Let’s say we want a redundant power supply to ensure a steady supply of power in the event of component failure. We have two power supplies, PA and PB. To build a redundant system, we require a third component, C, that monitors the status of the two power supplies and controls their operation.
In normal operating conditions, both PA and PB are active and share the load. The control unit continuously monitors the status of both power supplies to ensure they are working correctly. If the control unit detects a failure in PA, such as an electrical fault or a loss of output voltage, it triggers an alarm and takes appropriate action. This action may include disconnecting PA from the load.
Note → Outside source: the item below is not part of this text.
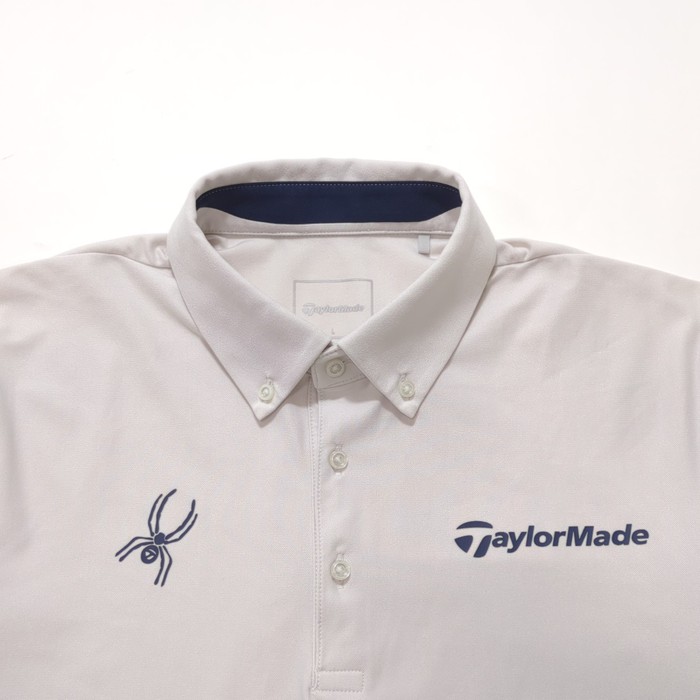 テーラーメイド(TaylorMade),TaylorMade, ゴルフ半袖ポロシャツ,TD103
After detecting the failure of PA, the control unit switches the load over to PB. This transition can happen automatically and quickly, ensuring uninterrupted power to the system. PSU A can be safely isolated for maintenance or replacement. Meanwhile, PB continues to power the system. Once PA is repaired or replaced and verified to be functioning correctly, it can be brought back online, and the control unit may switch the load back to both PA and PB for normal operation.
Calculating Reliability
In order to calculate the reliability of a system, we need to first understand how additional components affect reliability.
In robotic systems, we often have subsystems that rely on one another. In this case, you can consider them to be in series, as shown below.
In this case, The reliability is calculated as RA*RB. Therefore, the probability of failure is equal to 1-(RA*RB) = 2%.
If two components are instead redundant, i.e. each can fulfill the task independently, we can consider them to be in parallel, as shown below.
In this case, the reliability is calculated to be 1-((1-RA)*(1-RB)), where RA is the reliability of component A and, therefore, (1-RA) is the probability of failure of component A. If the probability of failure of each component is 1%, then the probability of simultaneous failure for both components is 0.01%.
It is clear that redundancy has a huge effect on the failure probability of a system. Unfortunately, the math is not quite that simple in practice. As demonstrated in the example, we at least need an additional component to monitor for failures and control the system. From the example, we have
Using the same failure probability of 1% for the power supplies and controller, we can compute the reliability of this system to be (1-((1-PA)*(1-PB)))*C which is equal to 0.9899, or a failure probability of 1.01%. Compared to the probability of failure of just the two power supplies, which is 0.01%, this is two orders of magnitude higher. Typically, component C would have much higher reliability than components PA and PB, so this result would not be as exaggerated.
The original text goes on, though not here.